What is the statistical distribution of a variable?

The statistical distribution of any variable, including climatological records, is an empirical way of showing and assessing how the variable is distributed over its range of variation. It is an essential descriptor used in a number of applications, including the characterization of change and risk assessments.

There are many ways of describing weather and climate variables¹. We will approach this with a made-up² example of “April total monthly rainfall” (in mm) for a hypothetical location for the 50 years from 1951 to 2000. Here is the list of values recorded from 1951 (81.6 mm) to 2000 (65.1 mm):

81.6, 15.1, 78, 24.4, 16.4, 34.5, 31.8, 50.9, 55.3, 34.1, 95.2, 69.4, 41.9, 50.3, 102.7, 61.7, 30.1, 25.1, 67.3, 92.3, 26.0, 79.6, 86.6, 26.4, 66.1, 10.1, 72, 55.1, 68, 46.3, 40.4, 35, 79.1, 26.1, 105.7, 56.6, 22.5, 22.5, 93.2, 62.3, 69.4, 56.5, 32, 52.8, 51.3, 0.6, 24.4, 107.2, 71.0, 65.1.

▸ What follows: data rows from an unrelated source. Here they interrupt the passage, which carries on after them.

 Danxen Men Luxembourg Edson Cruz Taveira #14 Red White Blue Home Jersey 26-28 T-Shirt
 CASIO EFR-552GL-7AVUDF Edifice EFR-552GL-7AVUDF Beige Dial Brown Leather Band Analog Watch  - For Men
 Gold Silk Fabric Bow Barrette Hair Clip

Figure 2 showing, from top to bottom, a stripchart, a dotplot and a boxplot. The limits in the boxplot are the lowest and highest values, the lower (25%) and upper (75%) quartiles and the median (heavy line).

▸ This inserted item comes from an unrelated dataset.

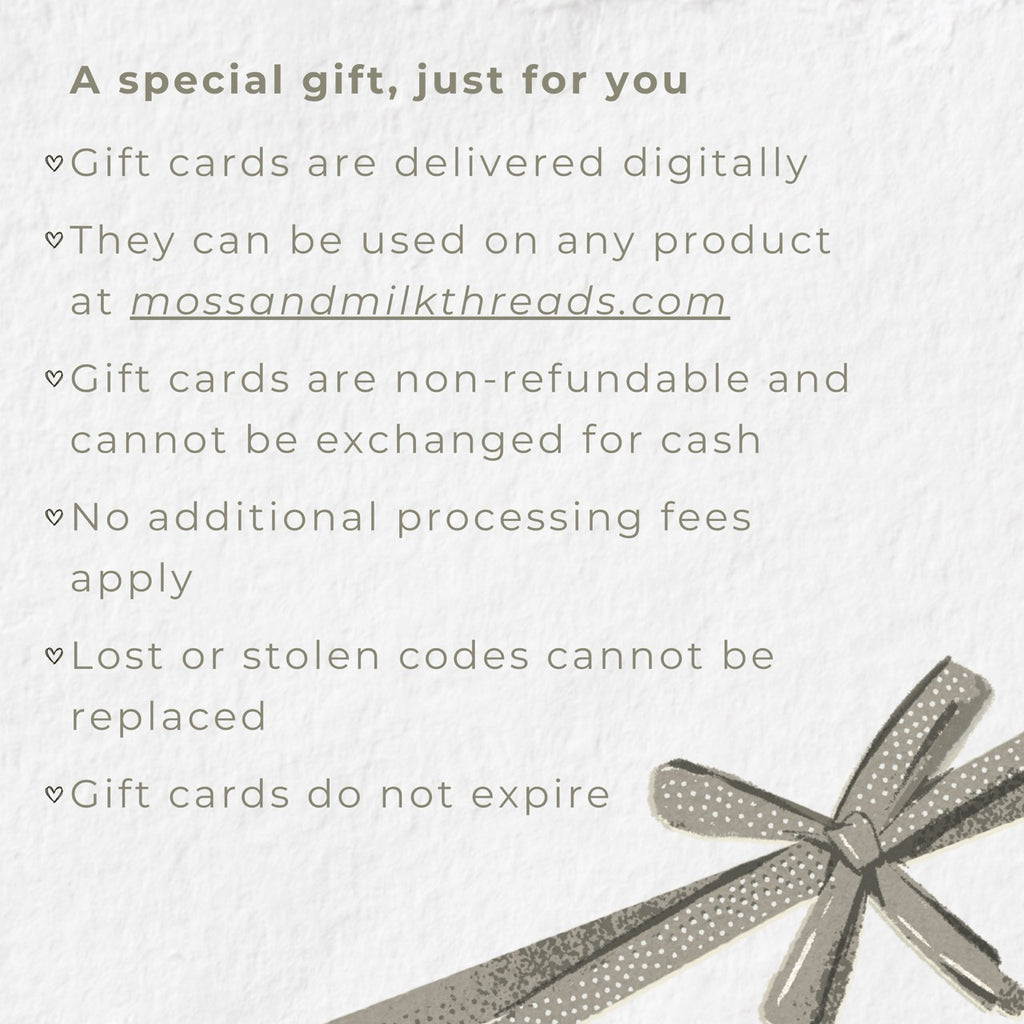 Moss and Milk Threads Gift Card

It is convenient, to start with, to rank the values from the lowest (0.6 mm in 1996, five values from the end) to the highest one (107.2 in 1998, three values from the end):

0.6, 10.1, 15.1, 16.4, 22.5, 22.5, 24.4, 24.4, 25.1, 26, 26.1, 26.4, 30.1, 31.8, 32, 34.1, 34.5, 35, 40.4, 41.9, 46.3, 50.3, 50.9, 51.3, 52.8, 55.1, 55.3, 56.5, 56.6, 61.7, 62.3, 65.1, 66.1, 67.3, 68, 69.4, 69.4, 71, 72, 78, 79.1, 79.6, 81.6, 86.6, 92.3, 93.2, 95.2, 102.7, 105.7, 107.2.

As shown in Figure 2, values can then easily be plotted on an axis as little square boxes (stripchart) or dots (dotplot), superposing the boxes or dots in the case of identical values (i.e. 22.5 mm, which occurred in 1987 and 1988) of when the interval is very crowded (e.g. the values near 70 mm). The boxplot is somewhat more complex as it displays the extreme values, the median and upper and lower quartile in such a way that 50% of all records are included in the grey area. Thew values are:

1st Quartile: 30.5 mm (25% of values are below 30.5 mm: 0.6 mm to 30.1 mm)
Median or 2nd Quartile: 54.0 (rounded from 53.95, the average of 52.8 and 55.1)
3rd Quartile: 70.6 (25% of values are above 70.6 mm, 71 to 107.2).

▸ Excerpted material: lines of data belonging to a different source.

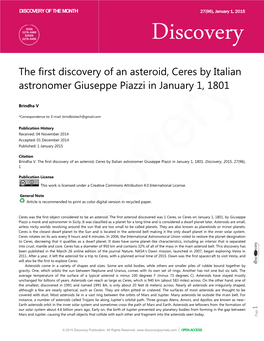 The First Discovery of an Aster Astronomer Giuseppe Piazzi in St
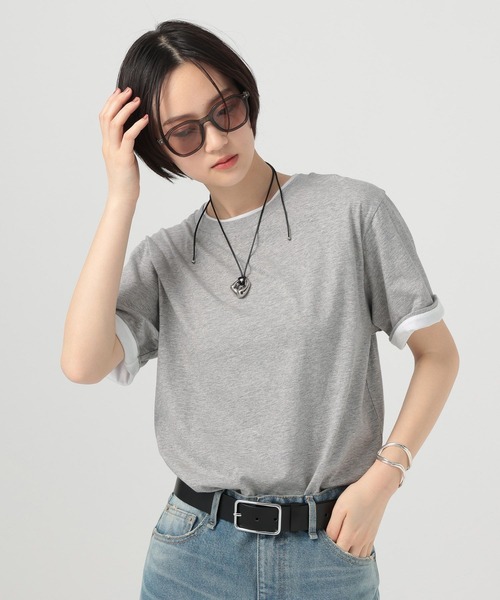 BAYFLOW（ベイフロー）の「ターンバックスリーブＴシャツ（Tシャツ/カットソー・レディース・ブラウン/グレー/チャコール・FREE）」の7枚目の写真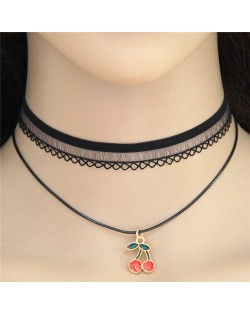 Cherry Pendant Two Layers Lace Choker Fashion Necklace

Displaying the data as a histogramme

The next step is the represention of the data as a vertical bar-chart (a histogramme or histogram in US spelling) as in Figure 3. Let us assume that the interval from 0.6 mm to 107.2 mm can be “generalised” as 0.0 mm to 110.0 mm, and then subdvided into 11 buckets (“bins”) from 0.0 mm to 9.9 mm³, from 10.0 mm to 19.9 mm etc up to 100 to 109.9. The first bin has just one observation (0.6 mm), the second has three (10.1 mm, 15.1 mm, 16.4 mm), etc, and the last has 3 as well (102.7 mm, 105.7 mm, 107.2 mm). The counts can be expressed as percentage: the first bin with just one value makes up (1/50, i.e. 2% of the total count), the second has three values (6%) etc and the last has 6% as well.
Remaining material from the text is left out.